■ **TASK GOAL**:
The line containing "Silver Wavy Necklace Rhinestone Paved" marks the end: restate word for word every line from the first line of the entries below through that one.

──────── INPUT MATERIAL ────────

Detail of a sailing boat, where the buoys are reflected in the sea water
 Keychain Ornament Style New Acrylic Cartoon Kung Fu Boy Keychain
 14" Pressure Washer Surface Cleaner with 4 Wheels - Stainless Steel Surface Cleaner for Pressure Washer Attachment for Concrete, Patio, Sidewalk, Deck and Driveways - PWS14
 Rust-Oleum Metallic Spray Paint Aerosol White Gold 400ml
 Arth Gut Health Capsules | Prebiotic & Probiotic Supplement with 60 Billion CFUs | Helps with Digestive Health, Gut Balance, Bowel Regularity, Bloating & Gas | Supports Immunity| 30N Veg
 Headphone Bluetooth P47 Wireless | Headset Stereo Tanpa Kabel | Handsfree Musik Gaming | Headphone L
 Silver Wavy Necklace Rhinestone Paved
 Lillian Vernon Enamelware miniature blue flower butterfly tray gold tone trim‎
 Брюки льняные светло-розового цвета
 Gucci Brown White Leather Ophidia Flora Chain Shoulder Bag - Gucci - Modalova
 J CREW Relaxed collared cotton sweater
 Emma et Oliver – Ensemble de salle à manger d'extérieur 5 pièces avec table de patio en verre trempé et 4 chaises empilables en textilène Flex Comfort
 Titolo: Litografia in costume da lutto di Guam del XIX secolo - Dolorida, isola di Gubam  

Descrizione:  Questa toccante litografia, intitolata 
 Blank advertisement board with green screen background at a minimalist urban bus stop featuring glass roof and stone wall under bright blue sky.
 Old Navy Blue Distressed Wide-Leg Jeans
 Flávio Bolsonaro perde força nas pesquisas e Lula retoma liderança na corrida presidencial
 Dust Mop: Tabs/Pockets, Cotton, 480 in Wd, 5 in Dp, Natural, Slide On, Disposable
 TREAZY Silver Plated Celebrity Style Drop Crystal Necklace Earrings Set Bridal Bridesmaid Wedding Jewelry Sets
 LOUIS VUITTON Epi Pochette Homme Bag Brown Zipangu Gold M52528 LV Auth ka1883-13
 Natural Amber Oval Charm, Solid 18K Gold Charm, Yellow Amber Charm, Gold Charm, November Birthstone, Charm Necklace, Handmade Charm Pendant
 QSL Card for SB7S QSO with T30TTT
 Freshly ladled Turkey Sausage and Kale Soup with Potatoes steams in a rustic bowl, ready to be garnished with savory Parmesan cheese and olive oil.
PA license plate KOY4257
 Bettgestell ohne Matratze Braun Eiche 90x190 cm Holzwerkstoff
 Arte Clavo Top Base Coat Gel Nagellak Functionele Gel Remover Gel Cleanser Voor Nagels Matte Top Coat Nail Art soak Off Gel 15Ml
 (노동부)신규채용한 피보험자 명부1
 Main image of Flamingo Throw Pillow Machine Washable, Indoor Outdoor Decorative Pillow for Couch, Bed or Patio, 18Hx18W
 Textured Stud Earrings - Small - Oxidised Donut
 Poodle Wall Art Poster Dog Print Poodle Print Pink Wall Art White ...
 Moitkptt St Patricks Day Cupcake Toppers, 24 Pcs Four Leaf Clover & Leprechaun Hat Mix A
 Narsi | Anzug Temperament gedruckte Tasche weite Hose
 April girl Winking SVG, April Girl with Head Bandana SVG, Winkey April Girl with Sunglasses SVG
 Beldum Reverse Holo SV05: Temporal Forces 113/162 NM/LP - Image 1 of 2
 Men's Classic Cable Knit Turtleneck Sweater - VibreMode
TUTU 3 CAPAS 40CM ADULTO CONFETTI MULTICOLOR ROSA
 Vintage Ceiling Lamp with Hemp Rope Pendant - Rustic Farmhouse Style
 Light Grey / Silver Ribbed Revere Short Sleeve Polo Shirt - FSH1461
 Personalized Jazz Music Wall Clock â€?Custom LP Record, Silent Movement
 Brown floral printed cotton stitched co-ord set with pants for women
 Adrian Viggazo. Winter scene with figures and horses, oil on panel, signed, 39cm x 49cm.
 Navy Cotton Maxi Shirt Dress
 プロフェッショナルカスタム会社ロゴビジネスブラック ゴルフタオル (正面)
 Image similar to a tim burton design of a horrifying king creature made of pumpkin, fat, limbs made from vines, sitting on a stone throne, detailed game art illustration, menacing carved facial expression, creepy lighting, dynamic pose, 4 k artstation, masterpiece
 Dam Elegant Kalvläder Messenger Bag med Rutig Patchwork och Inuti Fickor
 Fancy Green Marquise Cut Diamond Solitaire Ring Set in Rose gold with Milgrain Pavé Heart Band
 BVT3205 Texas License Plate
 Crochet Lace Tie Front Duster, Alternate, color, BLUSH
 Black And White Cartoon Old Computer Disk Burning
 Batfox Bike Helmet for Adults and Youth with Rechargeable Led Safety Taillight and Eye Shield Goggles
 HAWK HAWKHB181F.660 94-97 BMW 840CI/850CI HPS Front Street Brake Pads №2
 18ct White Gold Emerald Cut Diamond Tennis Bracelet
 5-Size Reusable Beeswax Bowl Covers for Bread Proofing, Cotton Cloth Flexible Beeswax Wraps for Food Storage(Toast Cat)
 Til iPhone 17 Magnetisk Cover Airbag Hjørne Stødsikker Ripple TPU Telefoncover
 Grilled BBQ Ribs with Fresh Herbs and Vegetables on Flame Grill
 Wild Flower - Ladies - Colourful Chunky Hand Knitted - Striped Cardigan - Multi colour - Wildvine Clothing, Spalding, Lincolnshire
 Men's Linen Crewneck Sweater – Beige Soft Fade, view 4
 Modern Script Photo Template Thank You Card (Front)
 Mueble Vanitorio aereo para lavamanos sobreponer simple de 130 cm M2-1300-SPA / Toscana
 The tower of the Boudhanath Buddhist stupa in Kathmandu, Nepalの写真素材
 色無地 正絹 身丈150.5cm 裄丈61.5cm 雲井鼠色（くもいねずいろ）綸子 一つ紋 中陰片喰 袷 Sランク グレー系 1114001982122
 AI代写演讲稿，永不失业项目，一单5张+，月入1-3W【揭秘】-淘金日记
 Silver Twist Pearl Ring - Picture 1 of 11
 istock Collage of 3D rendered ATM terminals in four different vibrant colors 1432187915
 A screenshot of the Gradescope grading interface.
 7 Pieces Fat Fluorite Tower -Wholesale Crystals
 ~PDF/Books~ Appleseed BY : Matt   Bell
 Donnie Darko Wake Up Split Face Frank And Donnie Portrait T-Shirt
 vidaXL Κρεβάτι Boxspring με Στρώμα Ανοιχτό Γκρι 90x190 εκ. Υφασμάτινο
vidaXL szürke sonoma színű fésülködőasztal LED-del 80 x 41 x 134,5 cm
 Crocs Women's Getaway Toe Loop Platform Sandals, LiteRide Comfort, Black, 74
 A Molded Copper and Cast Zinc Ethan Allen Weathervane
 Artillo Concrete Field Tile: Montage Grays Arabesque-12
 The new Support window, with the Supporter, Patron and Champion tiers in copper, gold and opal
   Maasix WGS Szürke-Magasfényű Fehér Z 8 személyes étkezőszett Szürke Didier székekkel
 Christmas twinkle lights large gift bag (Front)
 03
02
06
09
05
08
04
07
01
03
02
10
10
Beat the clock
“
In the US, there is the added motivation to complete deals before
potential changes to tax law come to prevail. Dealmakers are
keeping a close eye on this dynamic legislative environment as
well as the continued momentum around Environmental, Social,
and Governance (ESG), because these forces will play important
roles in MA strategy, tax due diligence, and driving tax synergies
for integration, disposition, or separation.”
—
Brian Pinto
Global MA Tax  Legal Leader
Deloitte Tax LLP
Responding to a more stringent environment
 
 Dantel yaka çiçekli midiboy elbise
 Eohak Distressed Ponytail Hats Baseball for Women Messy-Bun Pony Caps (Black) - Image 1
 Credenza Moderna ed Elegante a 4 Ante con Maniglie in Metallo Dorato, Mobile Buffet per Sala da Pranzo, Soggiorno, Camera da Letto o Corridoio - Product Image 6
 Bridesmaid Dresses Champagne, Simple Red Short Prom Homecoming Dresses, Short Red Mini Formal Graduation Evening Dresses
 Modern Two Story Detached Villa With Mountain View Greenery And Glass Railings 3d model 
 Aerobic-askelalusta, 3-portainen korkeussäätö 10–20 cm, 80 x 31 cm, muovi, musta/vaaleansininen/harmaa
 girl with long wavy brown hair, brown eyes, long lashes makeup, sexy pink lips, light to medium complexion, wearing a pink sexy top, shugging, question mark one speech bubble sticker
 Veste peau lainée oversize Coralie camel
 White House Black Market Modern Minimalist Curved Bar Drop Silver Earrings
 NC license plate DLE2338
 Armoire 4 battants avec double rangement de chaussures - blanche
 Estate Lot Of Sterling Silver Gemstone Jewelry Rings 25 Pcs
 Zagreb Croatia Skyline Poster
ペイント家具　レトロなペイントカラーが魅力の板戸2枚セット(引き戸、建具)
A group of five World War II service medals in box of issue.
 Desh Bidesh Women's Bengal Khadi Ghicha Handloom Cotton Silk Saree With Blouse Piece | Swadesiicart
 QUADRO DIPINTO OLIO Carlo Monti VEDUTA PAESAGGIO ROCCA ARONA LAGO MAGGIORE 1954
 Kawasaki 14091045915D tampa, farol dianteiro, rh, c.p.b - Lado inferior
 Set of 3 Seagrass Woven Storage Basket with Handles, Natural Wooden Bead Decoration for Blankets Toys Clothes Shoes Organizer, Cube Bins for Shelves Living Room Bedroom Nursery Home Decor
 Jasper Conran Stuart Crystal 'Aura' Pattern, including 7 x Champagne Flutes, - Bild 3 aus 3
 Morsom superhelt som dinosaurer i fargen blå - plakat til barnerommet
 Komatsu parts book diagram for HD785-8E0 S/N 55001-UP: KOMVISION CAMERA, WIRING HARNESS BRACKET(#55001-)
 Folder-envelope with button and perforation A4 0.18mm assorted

────────

■ **EXPECTED ANSWER**:
Detail of a sailing boat, where the buoys are reflected in the sea water
 Keychain Ornament Style New Acrylic Cartoon Kung Fu Boy Keychain
 14" Pressure Washer Surface Cleaner with 4 Wheels - Stainless Steel Surface Cleaner for Pressure Washer Attachment for Concrete, Patio, Sidewalk, Deck and Driveways - PWS14
 Rust-Oleum Metallic Spray Paint Aerosol White Gold 400ml
 Arth Gut Health Capsules | Prebiotic & Probiotic Supplement with 60 Billion CFUs | Helps with Digestive Health, Gut Balance, Bowel Regularity, Bloating & Gas | Supports Immunity| 30N Veg
 Headphone Bluetooth P47 Wireless | Headset Stereo Tanpa Kabel | Handsfree Musik Gaming | Headphone L
 Silver Wavy Necklace Rhinestone Paved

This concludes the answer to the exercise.